The African Wildcat is sandy brown to yellow grey in colour, with black stripes on the tail. The fur is shorter than that of the European subspecies. It is also considerably smaller, being only slightly larger than a domestic cat.
Today’s domestic cats are generally believed to be descendants of the African Wildcat, which were tamed by the Egyptians over 4000 years ago to control rats and mice raiding their granaries. Apart from the obvious difference in their ear coloration and the longer legs, the African Wildcat is easily mistaken for a domestic cat. Interbreeding is possible as they are so closely related to domestic cats. Pure genetic African Wildcat are quite rare and only found in remote areas as elsewhere interbreeding with domestic cats has taken place.
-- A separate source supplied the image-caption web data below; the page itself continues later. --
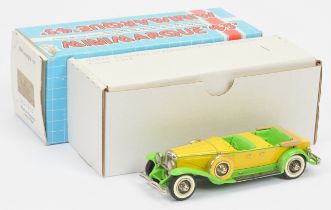 Mini Marque 43 CS2A Duesenberg Model J Gary Cooper Magificent Derham Tourster - two tone yellow/g...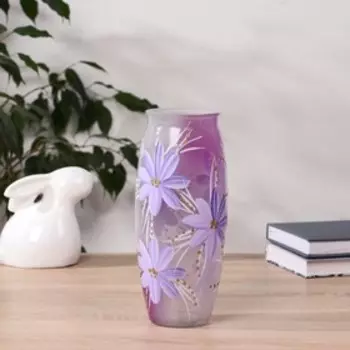 Ваза Невеста с росписью на крашеном стекле, d-7; 10х23 см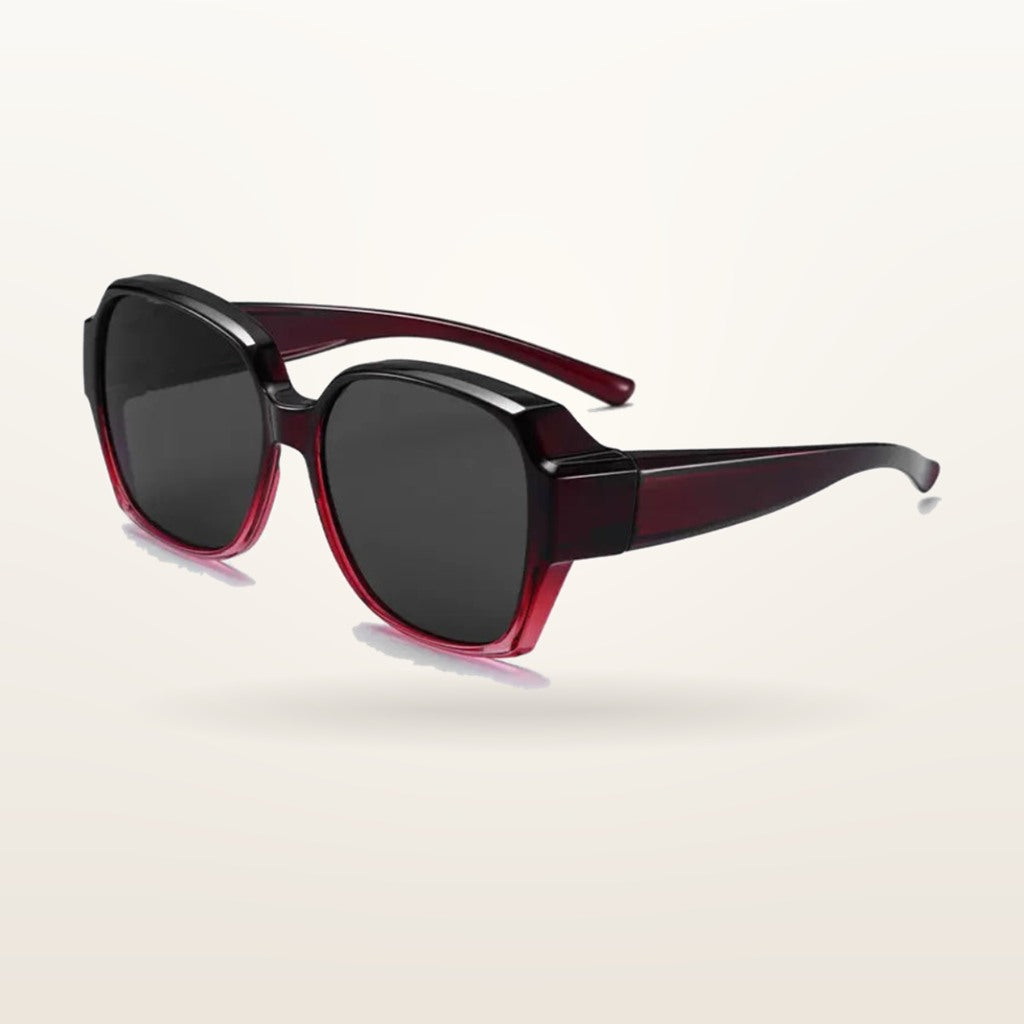 SunFit Ladies fit-over sunglasses in Red and Black Luna, polarised lenses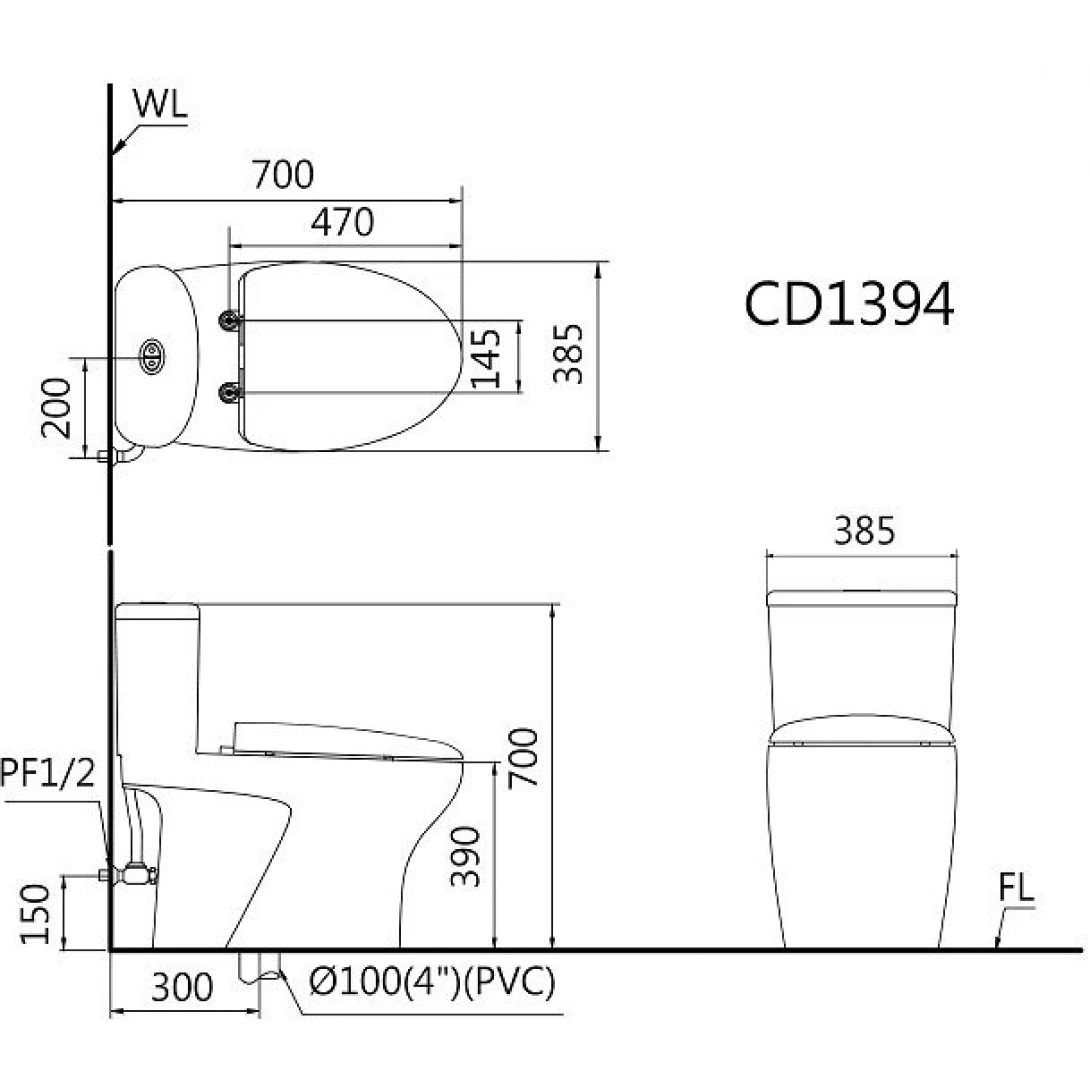 Bản vẽ bồn cầu nắp rửa điện tử Caesar C1394F+TAF710H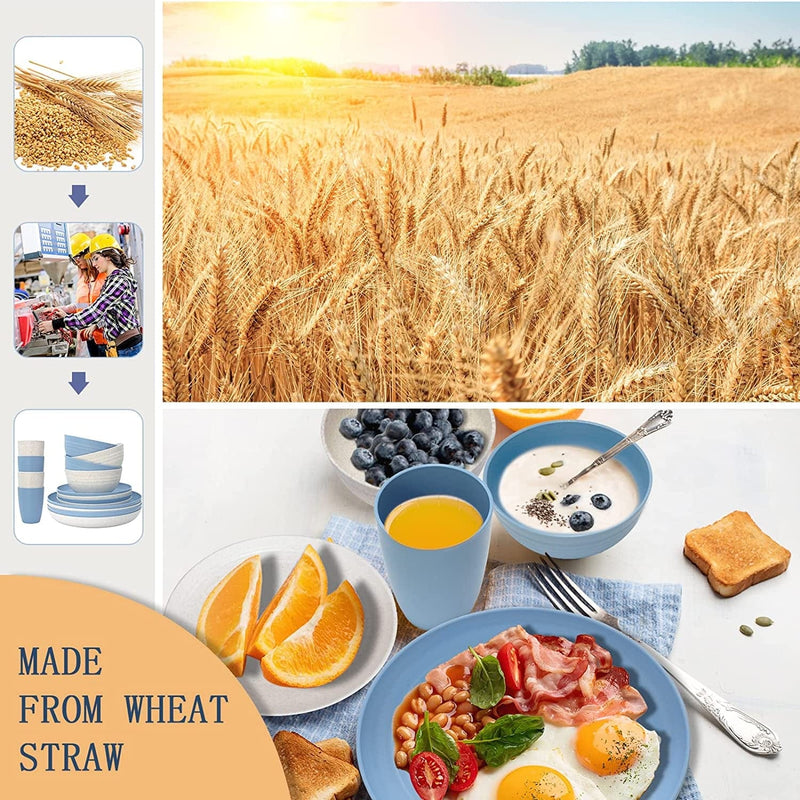 Wheat Straw Dinnerware Sets for 4,Dhnvcud 16Pcs Unbreakable,Lightweight & Reusable Dinnerware Set,Plates, Bowls, Cups,Service for 4,Microwave Dishwasher Safe Dishes Sets for Kitchen,Camping,Rv Home & Garden > Kitchen & Dining > Tableware > Dinnerware Dhnvcud   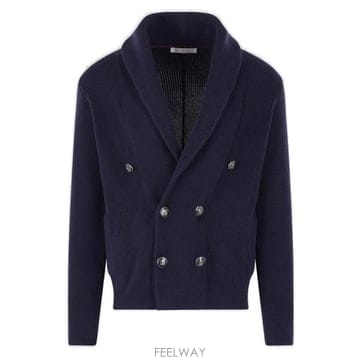 26 FW 브루넬로 쿠치넬리 더블 브레스티드 니트 가디건 블루 M2873346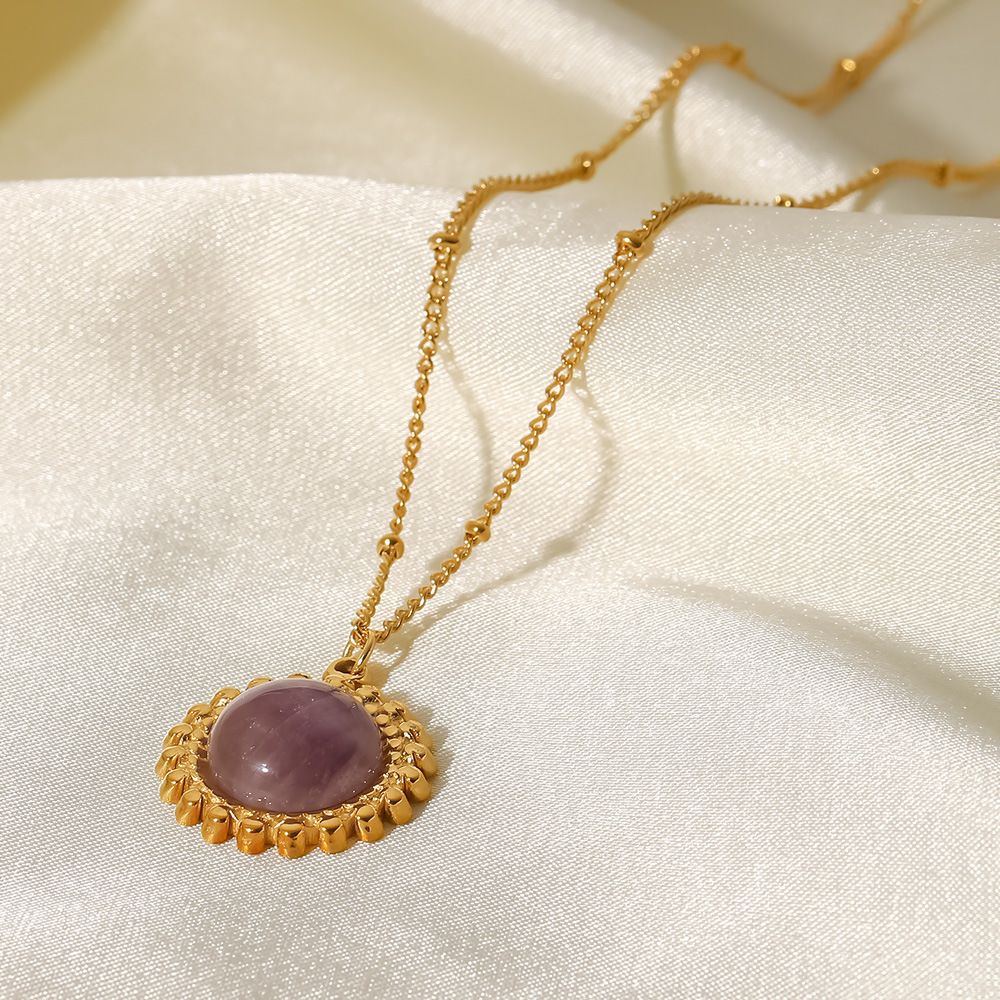 18k Gold Plated Purple Semi-precious Stone Pendant Necklace Stainless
Pure genetic stock of the African Wildcat is today only found in the remote savannahs and Bushlands of Africa (and the Middle East). Elsewhere interbreeding with domestic cats has taken place. The African Wildcat is generally solitary except when mating, or when the female is raising kittens. Both males and females establish territories which
they mark and defend.
African Wildcat are nocturnal in the warm weather and diurnal during very cold weather. Wild cats are preyed upon as young cats by larger predators, such as foxes, wolves, other cats, and large birds of prey, such as owls, eagles and hawks. African Wildcat are fierce when threatened and can protect themselves from animals larger than themselves.